(Caption-style text data)
=== Begin Enclosure ===
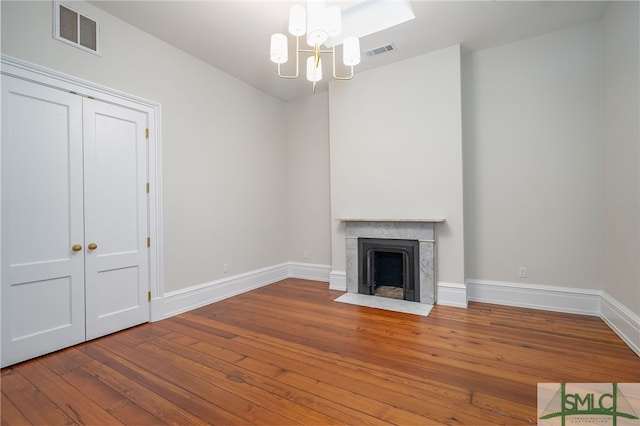 unfurnished living room with wood-type flooring, a fireplace, and an inviting chandelier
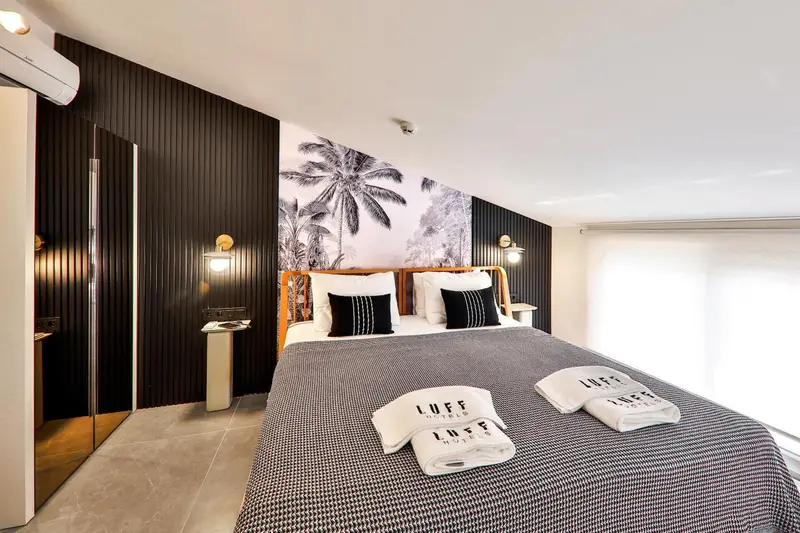Une chambre moderne avec un grand lit et une décoration murale tropicale.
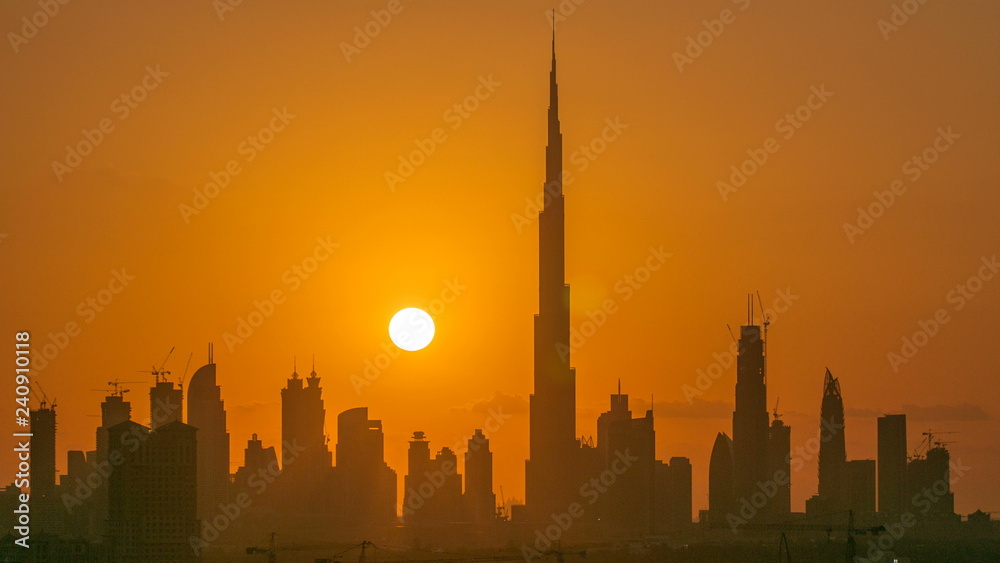 Sunset with skyline of Downtown Dubai in the evening timelapse.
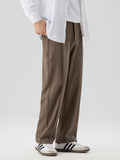 Wide-Leg Pleated Trousers for Versatile Everyday Comfort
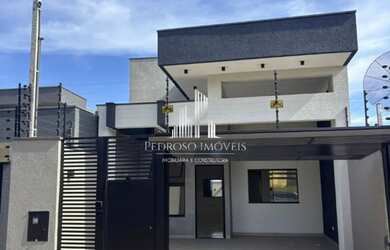 Imagem: A casa possui 3 Dormitórios, 2 Banheiros, 2 Vagas na garagem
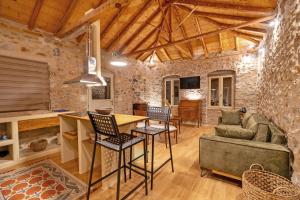 a kitchen and living room with a stone wall at Melias Olive Retreat in Kelefá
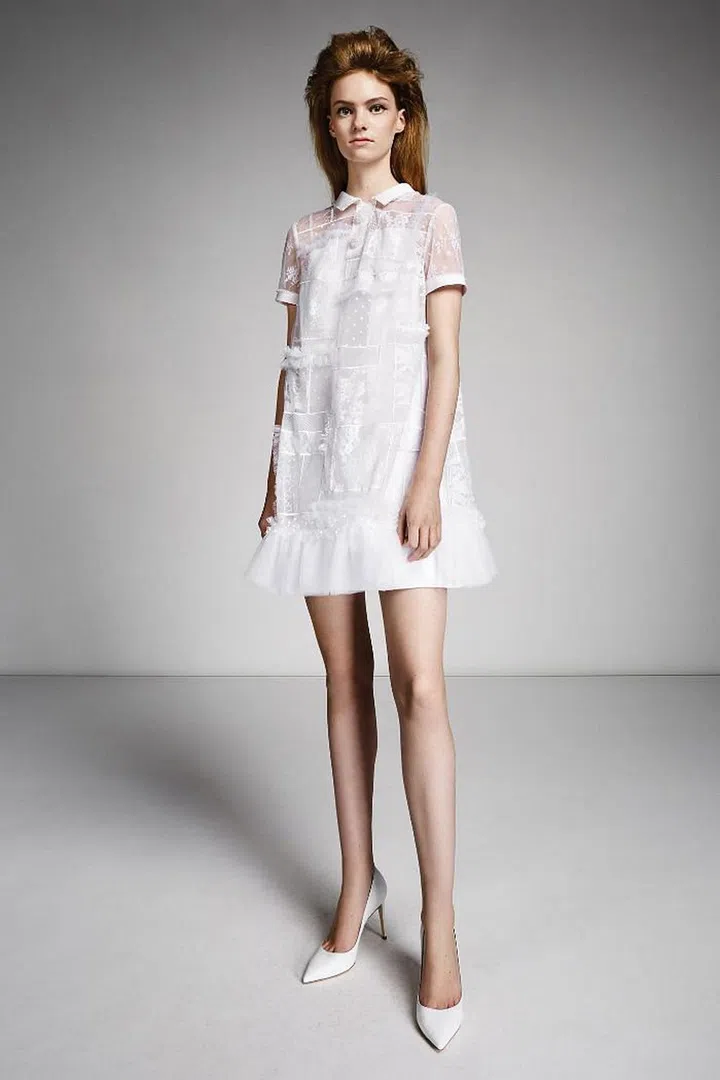 Looking to mix things up a little? A shorter frock makes for some playfulness at your wedding reception, whether it be a ruffly mini or a toned down midi-length dress, such as in Elie Saab, Viktor & Rolf, and Vera Wang, effectively showing off your legs and heels.
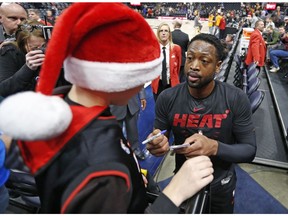 Miami Heat guard Dwyane Wade signs an autograph for a young fan before the start of their NBA basketball game against the Utah Jazz Wednesday Dec. 12, 2018, in Salt Lake City.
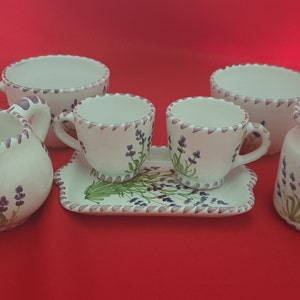 May include: A white ceramic tea set with lavender floral designs. The set includes a teapot, creamer, sugar bowl, and two teacups with saucers.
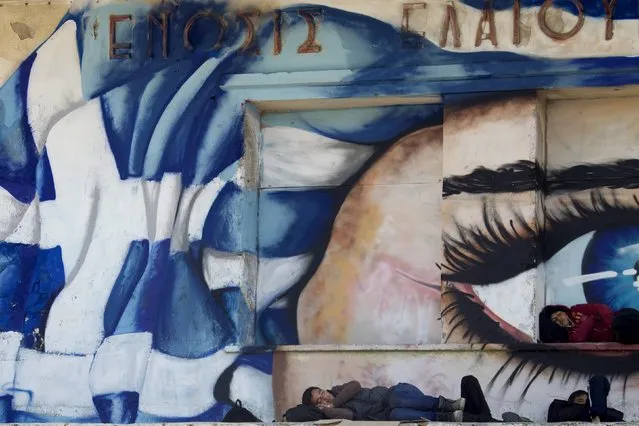 Refugees and migrants sleep in front of a graffiti covered wall  depicting a face and the Greek national flag at the port of the city of Mytilene on the island of Lesbos, Greece, October 6, 2015. Austrian Chancellor Werner Faymann is the first European Union leader on Tuesday to visit the Greek island of Lesbos to see the impact of Europe's migrant crisis on one of the refugees' preferred entry points into the EU. (Photo by Dimitris Michalakis/Reuters)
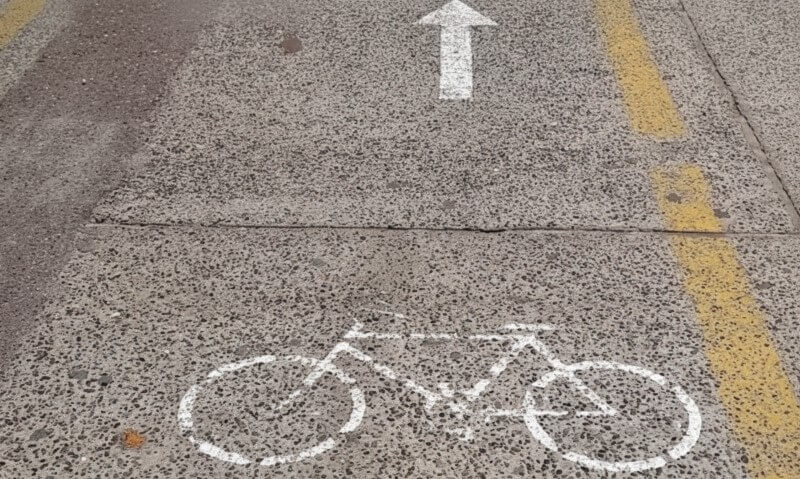 Paved road with a white bicycle symbol and an arrow pointing ahead, indicating a bike lane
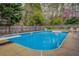 Large backyard pool with diving board, surrounded by mature trees, perfect for summer relaxation and entertainment at 802 Sugar Creek Se Dr, Conyers, GA 30094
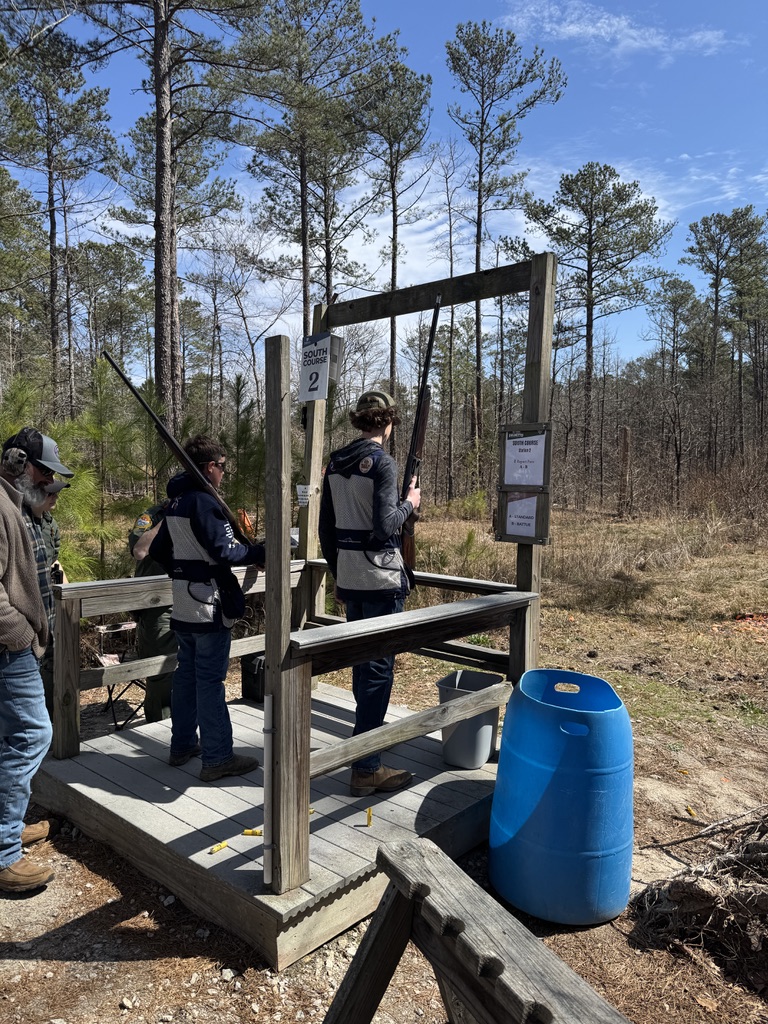 Two shooters at South Course station two with coaches watching from the platform
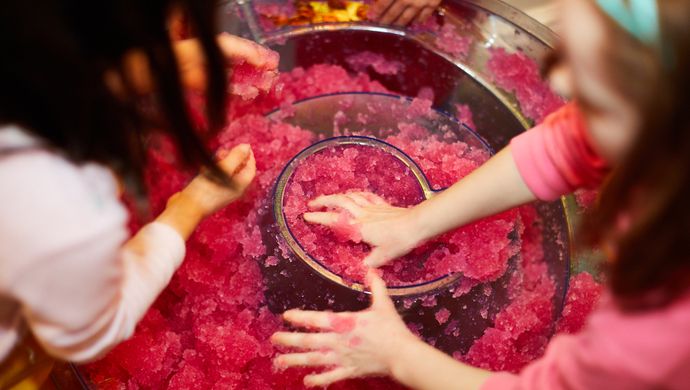 Children playing with a red goo activity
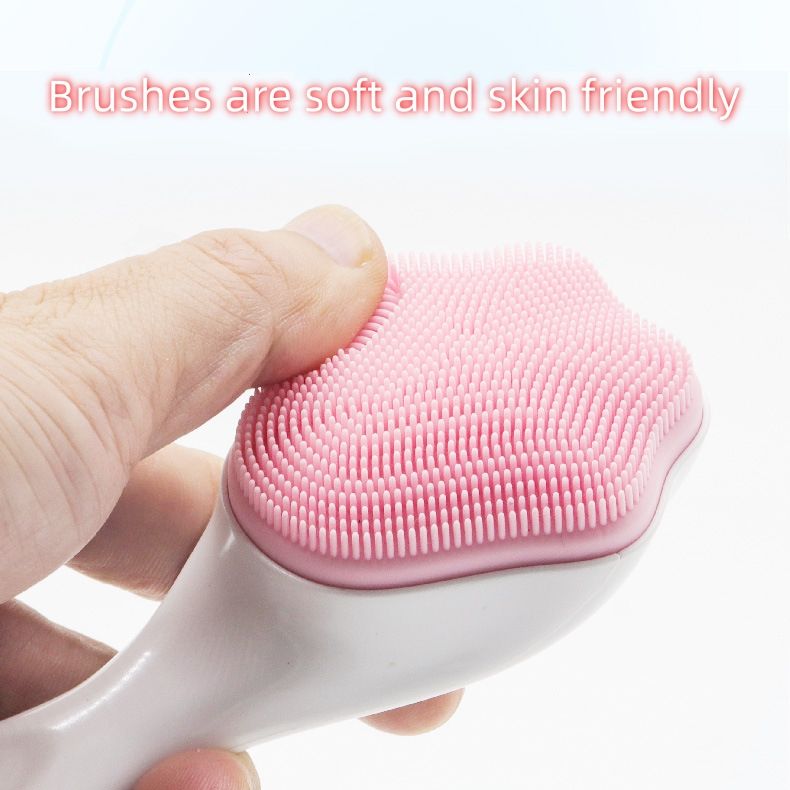 A finger touching the brush head on a pink handheld silicone face scrubber exfoliator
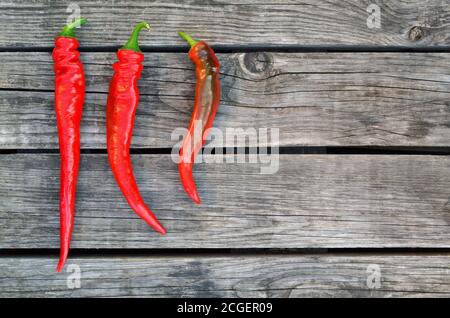 Three red hot chili peppers on an old wooden table as a background. Close-up, top view Stock Photo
=== End Enclosure ===
Exactly as written above, retype the lines starting at the one holding "Sunset with skyline" and ending at the one holding "Paved road with", both included, but not the pictures.

 Sunset with skyline of Downtown Dubai in the evening timelapse.
 Wide-Leg Pleated Trousers for Versatile Everyday Comfort
 Imagem: A casa possui 3 Dormitórios, 2 Banheiros, 2 Vagas na garagem
 a kitchen and living room with a stone wall at Melias Olive Retreat in Kelefá
 Looking to mix things up a little? A shorter frock makes for some playfulness at your wedding reception, whether it be a ruffly mini or a toned down midi-length dress, such as in Elie Saab, Viktor & Rolf, and Vera Wang, effectively showing off your legs and heels.
 Miami Heat guard Dwyane Wade signs an autograph for a young fan before the start of their NBA basketball game against the Utah Jazz Wednesday Dec. 12, 2018, in Salt Lake City.
 May include: A white ceramic tea set with lavender floral designs. The set includes a teapot, creamer, sugar bowl, and two teacups with saucers.
 Refugees and migrants sleep in front of a graffiti covered wall  depicting a face and the Greek national flag at the port of the city of Mytilene on the island of Lesbos, Greece, October 6, 2015. Austrian Chancellor Werner Faymann is the first European Union leader on Tuesday to visit the Greek island of Lesbos to see the impact of Europe's migrant crisis on one of the refugees' preferred entry points into the EU. (Photo by Dimitris Michalakis/Reuters)
 Paved road with a white bicycle symbol and an arrow pointing ahead, indicating a bike lane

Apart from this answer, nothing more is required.